## AVAILABLE DATA
= Beginning of Section =

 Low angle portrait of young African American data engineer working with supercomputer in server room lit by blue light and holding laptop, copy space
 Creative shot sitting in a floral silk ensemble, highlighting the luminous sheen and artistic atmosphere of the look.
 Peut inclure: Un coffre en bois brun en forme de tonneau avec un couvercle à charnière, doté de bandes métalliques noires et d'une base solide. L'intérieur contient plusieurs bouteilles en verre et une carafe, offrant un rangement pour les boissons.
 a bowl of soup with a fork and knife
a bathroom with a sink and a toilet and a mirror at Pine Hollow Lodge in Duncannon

= End of Section =
= Beginning of Section =

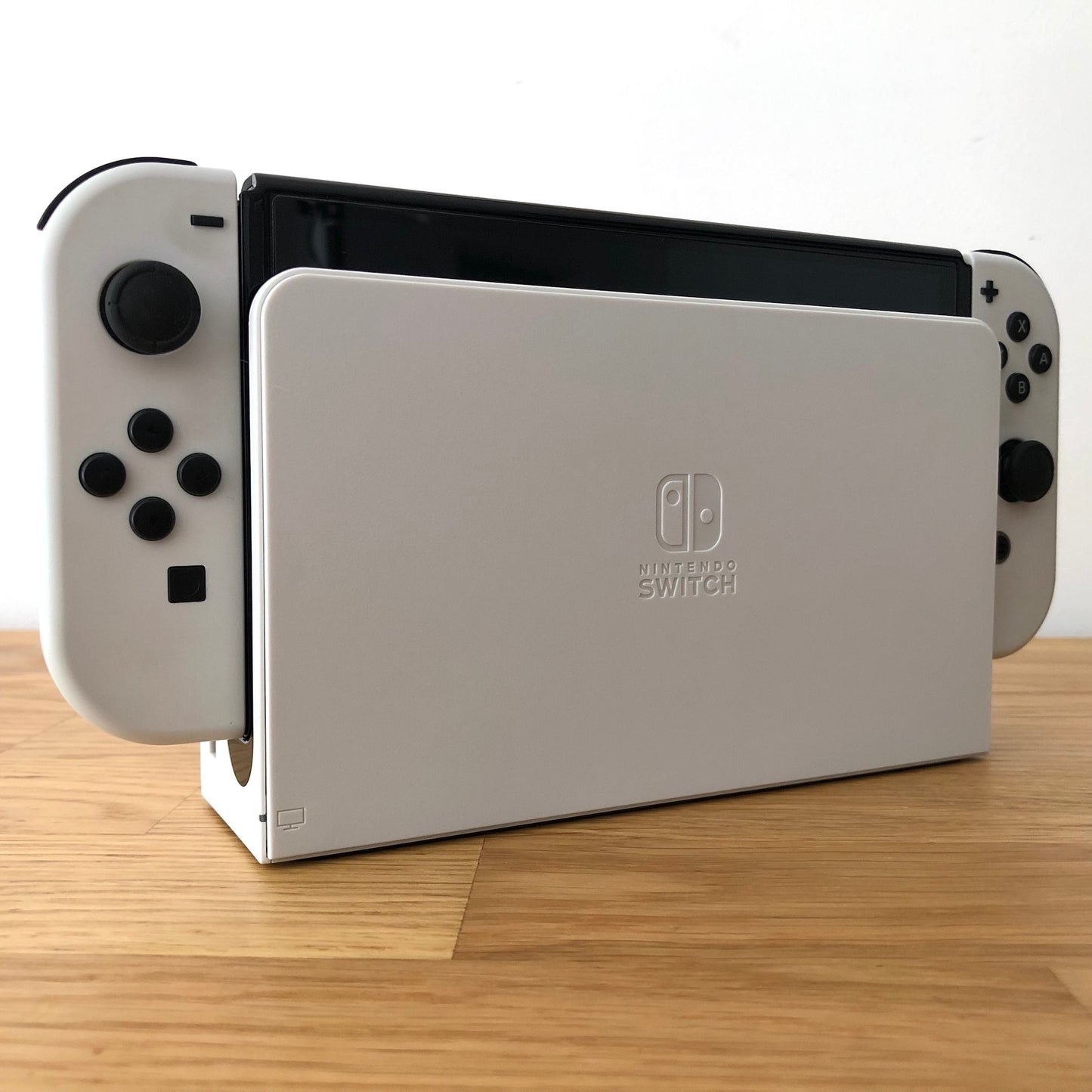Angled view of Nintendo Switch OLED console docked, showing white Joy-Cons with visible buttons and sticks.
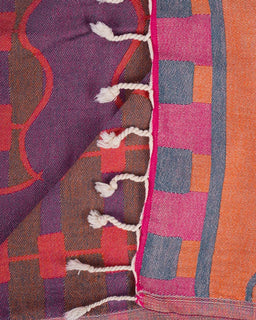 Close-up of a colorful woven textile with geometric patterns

= End of Section =

## REQUIRED ACTION
What to print is the stretch of entries from the line with "Angled view of" up to and including the line with "Close-up of a". Please print it exactly and leave out the pictures.

## EXERCISE OUTPUT
Angled view of Nintendo Switch OLED console docked, showing white Joy-Cons with visible buttons and sticks.
 Close-up of a colorful woven textile with geometric patterns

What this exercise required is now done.